By Saad Salloum
BAGHDAD — The police killing of George Floyd and the ensuing protests in the United States are being used by Iraqi activists to raise awareness about the rights of African-Iraqis. At the same time, many Iraqi protesters have drawn parallels to the US movement, criticizing the way the Iraqi authorities have been dealing with Iraqi protests since they began in October 2019.
Online debate has recently focused on the fate of the African-Iraqi minority, which has been deprived of official recognition and political representation in government. The debate has evoked the 2013 assassination in Basra of the most prominent African-Iraqi figure, Jalal Diab. Diab was an African-Iraqi leader who founded the Movement of Free Iraqis (Ansar al-Huriya) in 2007 to protect Iraq’s black community, which is estimated at about 400,000.
Iraqi activist Ammar Jassem, who served as vice president of the Movement of Free Iraqis, said he was determined to organize a demonstration to give voice to African-Iraqi rights on the occasion of Floyd’s death. But the event was canceled due to the fear of the African-Iraqi community. Since the assassination of Diab, he told Al-Monitor, things are no longer the same. “The bullet that penetrated [Diab’s] body assassinated all our dreams as a minority seeking equality,” said Jassem.
African-Iraqis are of several ethnicities. Some are Nubians from Egypt; others are from Zanzibar, Ethiopia and Ghana. They are mostly located in Basra province, particularly in Az Zubayr and Abu al-Khaseeb. African-Iraqi heritage expert Sawra Yusuf told Al-Monitor, “Each group has different rites. The Nubians from south Egypt in Africa, al-Habash from Ethiopia and the Kenyans from the coast share Bambassa tribal roots. They all were transferred during slavery time in the Abbasid caliphate between 750 and 785.”
Blogger Mouayed Sari took to his Facebook page to bring to the forefront African-Iraqis’ struggle to gain their rights. He told Al-Monitor that it would only be fair for every Iraqi to put themselves in the shoes of this tormented minority and read about them and their plight throughout the past centuries. He believes this is all part of the collective awareness awakened by the October Revolution that broke out across Iraq in 2019.

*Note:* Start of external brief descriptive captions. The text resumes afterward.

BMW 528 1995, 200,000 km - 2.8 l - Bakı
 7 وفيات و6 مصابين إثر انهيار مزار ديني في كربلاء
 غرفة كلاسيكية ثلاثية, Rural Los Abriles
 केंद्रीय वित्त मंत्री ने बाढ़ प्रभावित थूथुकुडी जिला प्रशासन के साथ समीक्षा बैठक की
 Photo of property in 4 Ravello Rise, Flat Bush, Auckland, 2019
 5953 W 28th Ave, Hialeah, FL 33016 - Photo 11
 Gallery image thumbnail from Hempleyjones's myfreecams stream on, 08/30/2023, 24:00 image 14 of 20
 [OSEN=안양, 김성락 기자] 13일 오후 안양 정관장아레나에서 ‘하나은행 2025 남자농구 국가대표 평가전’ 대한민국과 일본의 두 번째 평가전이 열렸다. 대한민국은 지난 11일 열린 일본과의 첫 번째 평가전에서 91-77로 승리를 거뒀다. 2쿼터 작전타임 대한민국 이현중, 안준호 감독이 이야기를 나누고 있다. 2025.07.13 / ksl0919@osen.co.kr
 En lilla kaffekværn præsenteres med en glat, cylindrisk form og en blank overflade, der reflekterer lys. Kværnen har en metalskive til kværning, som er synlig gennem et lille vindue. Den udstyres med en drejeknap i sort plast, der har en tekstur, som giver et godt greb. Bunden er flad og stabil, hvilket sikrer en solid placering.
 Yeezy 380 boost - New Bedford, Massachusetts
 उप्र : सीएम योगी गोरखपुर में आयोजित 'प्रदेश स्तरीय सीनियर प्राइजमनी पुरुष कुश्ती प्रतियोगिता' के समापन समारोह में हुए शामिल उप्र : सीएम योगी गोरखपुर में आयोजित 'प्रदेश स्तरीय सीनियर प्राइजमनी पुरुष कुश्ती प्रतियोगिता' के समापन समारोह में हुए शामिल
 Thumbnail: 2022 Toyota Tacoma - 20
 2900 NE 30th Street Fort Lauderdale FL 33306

“I hear many complaints along the lines of ‘the majority itself is deprived of rights in this country, so how do you expect minorities to attain their rights,’ and I believe that such logic is no longer acceptable after the October Revolution in Iraq, as justice should be inclusive of all individuals. But it should first start with the courage of recognition. In this context, the recognition of the injustice that occurred to the Iraqi people is a valid approach to achieving comprehensive social justice,” Sari noted.
On Nov. 5, 2009, Basra’s African-Iraqis celebrated the victory of former US President Barack Obama, who thus became a role model for Diab and his comrades.
A noticeable change in Iraqi awareness in terms of the rights of this forgotten minority can be seen between Obama’s victory in 2009 and Floyd’s death in 2020, as activists have begun comparing African-Iraqi Diab to African American Floyd, both of whom were victims of racial discrimination and persecution of black people in their societies.
The video, which was published as part of a series of videos that Ejam called Iraqi Paradoxes, is titled “Angry at the killing of an African American, but silent about the assassination of African-Iraqi citizens from Basra.”
Ejam used this video to highlight how Iraqis are disturbed by Floyd’s killing, which is a positive reflection of human solidarity, but they do not lift a finger when a fellow Iraqi citizen such as Diab is killed. He believes this shows the hypocrisy and double standards because cross-border human and cultural solidarity is indivisible.
The comparison is no longer about simply being a victim of discriminatory policies; rather, it is being used by Iraqi activists to criticize the misinformation used by a wide segment of commentators who justified the involvement of Adel Abdul-Mahdi’s government in killing hundreds of Iraqi citizens in the protests months ago but now criticize US President Donald Trump and his government on dealing with the protests over Floyd’s killing.
This controversy sheds light once again on the reasons behind Diab’s assassination in 2013 after his demands for the rights of all 400,000 African-Iraqis constituted a threat to the parties of political Islam, especially since such demands were associated with an awakening of identity that invoked American figures that these parties consider hostile for ideological reasons.
Diab had posters of Martin Luther King Jr. and Obama on the walls of his school that was dedicated to teaching underprivileged African-Iraqis in the slums of Az Zubayr. It was a message of defiance and the sign of a culture that those parties feared, especially amid the Iranian-American rivalry for influence in a region rich in energy and ethnic diversity.
African-Iraqi activists are breathing life into Diab’s demands for their political rights and underlining how political recognition is the best way to end discrimination at the social level. Other activists focus on the cultural aspects, document the rituals and heritage of African-Iraqis, and stress the need to preserve their distinct cultural identity.
Thawra Yousif, an expert on African-Iraqi folklore, told Al-Monitor, “Ending discrimination is a cultural issue, and by developing awareness over the importance of the African-Iraqi culture, justice can be achieved — even if this does not result in political representation.”
Today, both Floyd and Diab have become icons of a struggle that has awoken demands for social justice, equality, and an end to discrimination in both Iraqi and American societies. However, the image of Diab is more powerful and iconic in regards to black people’s rights in Iraq, since he was a civilian activist influenced by Martin Luther King Jr., demanded an end to racial discrimination, and called for political equality and granting African-Iraqis a quota in power that was equal to other minorities.